20.08.2018, 12:47 Uhr

Berlin (AFP) Dreyer gegen Nahles-Vorschlag zu Verzicht auf Hartz-IV-Sanktionen für Jüngere

SPD-Vize Dreyer gegen Nahles' Vorstoß zu Hartz-IV. Quelle: dpa/AFP/Jan Woitas (Foto: dpa/AFP/Jan Woitas)SPD-Vize Dreyer gegen Nahles' Vorstoß zu Hartz-IV. Quelle: dpa/AFP/Jan Woitas (Foto: dpa/AFP/Jan Woitas)

Klare Absage an SPD-Chefin auch von der CDU

Die stellvertretende SPD-Vorsitzende Malu Dreyer hat sich gegen den Vorstoß von Parteichefin Andrea Nahles zu weiteren Korrekturen an den Arbeitsmarktreformen von Ex-Kanzler Gerhard Schröder (SPD) gestellt. "Bei jüngeren Hartz-IV-Empfängern grundsätzlich ganz auf Sanktionen zu verzichten halte ich für zu kurz gesprungen", sagte die rheinland-pfälzische Ministerpräsidentin den Zeitungen der Funke Mediengruppe (Montagsausgaben). Auch die Union lehnt den Vorschlag von Nahles ab.

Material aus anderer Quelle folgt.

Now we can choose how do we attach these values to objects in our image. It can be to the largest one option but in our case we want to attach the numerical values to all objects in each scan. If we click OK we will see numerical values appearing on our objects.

Dreyer sagte dazu, viel wichtiger als ein Verzicht auf Sanktionen sei es, "gute und individuelle Maßnahmen anzubieten", wie dies in ihrem Bundesland geschehe. Jüngere Arbeitslose mit schärferen Sanktionen zu belegen als ältere, wie dies bisher möglich ist, lehnte Dreyer allerdings ebenfalls ab. Das verstoße gegen das Prinzip der Gleichbehandlung.

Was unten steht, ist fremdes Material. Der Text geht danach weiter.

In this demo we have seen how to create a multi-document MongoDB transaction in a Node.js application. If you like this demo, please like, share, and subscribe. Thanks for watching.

Nahles hatte sich am Wochenende für Korrekturen an den Hartz-IV-Reformen ausgesprochen. Sie forderte die Abschaffung von Sanktionen für jüngere Empfänger und eine Ausweitung des Schutzes durch die Arbeitslosenversicherung. Sanktionen werden etwa verhängt, wenn Leistungsempfänger Termine nicht wahrnehmen oder anderen Pflichten nicht nachkommen.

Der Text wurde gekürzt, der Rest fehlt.